It was all there for Houston’s taking. A Conference USA title, which would begat an unbeaten regular season plus one, which would begat a berth in a BcS bowl, which would begat millions of extra dollars for both itself and its conference.

Either somebody forgot to tell No. 24 Southern Miss what was on the line, or Larry Fedora‘s charges really could care le$$ what was at stake.

With a stunning and overwhelming 49-28 upset over previously unbeaten and No. 7 Houston, Southern Miss claimed its first win in a Conference USA championship game and its fifth title overall (outright or shared) since the conference began play in 1996. It also avenged a 34-20 loss to the Cougars in the 2006 title game, as well as kept intact the East division’s streak of titles and pushed that number to five.

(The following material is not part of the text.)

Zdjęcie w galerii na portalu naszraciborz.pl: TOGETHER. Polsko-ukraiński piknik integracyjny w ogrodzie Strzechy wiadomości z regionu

But, in the end, that mattered little to 11/12 of the conference.

With a win, Houston was guaranteed a spot in a BcS bowl -- likely the Sugar -- and the millions of dollars flowing into the conference’s coffers such a berth would’ve brought. Last year, for example, the Mountain West, with TCU as its lone representative, made roughly $13 million from the BcS; Conference USA, with no representatives in a BcS bowl, earned just over $3 million from the BcS.

Based solely on the last set of available numbers -- and the pool of money distributed to non-automatic qualifying conferences is expected to go up again this year -- the UH loss, or the Southern Miss win if you prefer, cost the conference and its member institutions a total of at least $10 million -- and that’s on the very low-end of the eventual reality.

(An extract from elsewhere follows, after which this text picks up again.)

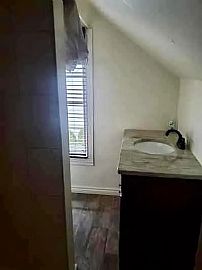 27 Center St, Stamford, Ct 06906 in Stamford, CT (Photo 2 of 5)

Of course, to Southern Miss, it’s not about the money it’s about the title and the hardware -- even as in winning Southern Miss cost its athletic department hundreds of thousands of dollars. For the rest of the conference, though -- especially one like C-USA, whose athletic departments are not exactly awash in black ink -- it was a lump of coal instead of the iPad you were expecting to see Christmas morning.

“We’d make between $500,000 and $800,000,” UTEP athletic director Bob Stull said earlier this week when asked what a UH win would mean financially for his school. “That’s a good little boost for anybody.”

Whoops?

In addition to the financial aspect, another intriguing storyline of this title game was the head coaches. Kevin Sumlin has been the subject of many a rumor this coaching carousel, and has likely coached his final game with the Cougars; while he’s now considered the top candidate for the UCLA job, he’s expected to be named the head coach at Texas A&M at some point in the near future, perhaps as early as Sunday.

While Fedora’s name has not been mentioned as prominently as his counterpart, this shredding of previously unbeaten Houston will likely alter the rate of speculation as it pertains to the Southern Miss coach.

Just don’t expect it to be another Conference USA school; they simply won’t have the money for it.

UPDATED 4:23 p.m. ET: Another byproduct of the Houston loss? TCU, currently No. 18 in the BcS rankings but the Mountain West champ by virtue of its win over Boise State, could find itself with a BcS berth. Here’s a tweet from the Fort Worth Star-Telegram‘s Stefan Stevenson:

“It comes down to this, TCU fans. If Frogs move up 2 spots in tomorrow’s BCS rankings to 16th, they get BCS bowl -- SUGAR.”

Oh, and the door just swung open a little bit wider for Michigan to grab an at-large BcS berth as well -- and play the Horned Frogs.